Pflichtverteidiger, OWi-Verfahren

Gericht / Entscheidungsdatum: LG Lübeck, Beschl. v. 10.01.2012 - 4 Qs 7/12

Fundstellen:

Leitsatz: Zur Beiordnung eines Pflichtverteidigers im Bußgeldverfahren.


4 Qs 7/12
Beschluss
In dem Verfahren
gegen pp.
beschließt die IV. Kammer für Bußgeldsachen des Landgerichts Lübeck auf die Beschwerde des Betroffenen gegen den Beschluss des Amtsgerichts Ahrensburg vom 7. Dezember 2011 am 10. Januar 2012:

Die Beschwerde wird auf Kosten des Betroffenen verworfen.
Gründe:
Die zulässige Beschwerde ist nicht begründet.
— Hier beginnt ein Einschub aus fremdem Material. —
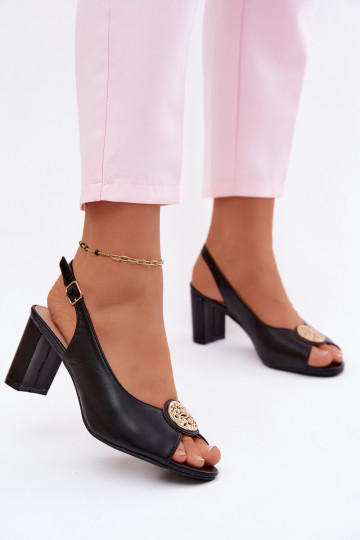 Sandalias de mujer de tacón alto con detalles dorados en negro Lotus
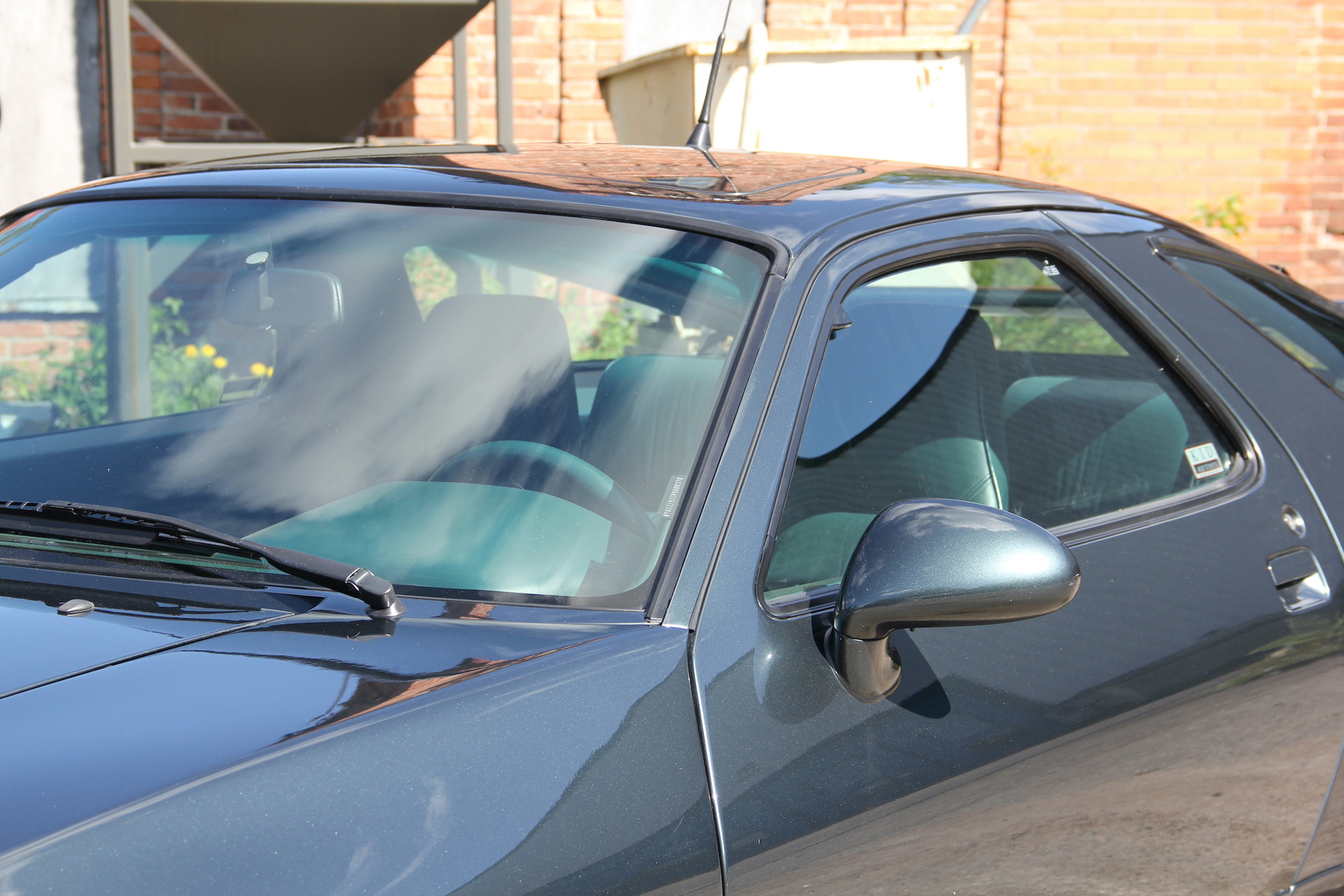 Exterior image of 1994 Porsche 928 GTS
Zu Recht hat das Amtsgericht in dem angefochtenen Beschluss die Beiordnung eines Pflichtverteidigers für das Bußgeldverfahren abgelehnt. Die Voraussetzungen der §§ 46, 60 OWiG, 140 Abs. 2 S. 1 StPO sind nicht erfüllt. Die dem Betroffenen unmittelbar drohenden Rechtsfolgen begründen ebenso wenig die Schwere der Tat wie die ihm mittelbar drohende Folge der Entziehung der Fahrerlaubnis. Auch eine die notwendige Mitwirkung eines Verteidigers gebietende schwierige Sach-und Rechtslage liegt nicht vor. Diese ergibt sich auch nicht aus der zwischen Gericht und Verteidigung geführten Auseinandersetzung um die Beiziehung und Einsichtnahme in die Bedienungsanleitung des Messgeräts.
Die Kostenentscheidung folgt aus § 473 StPO.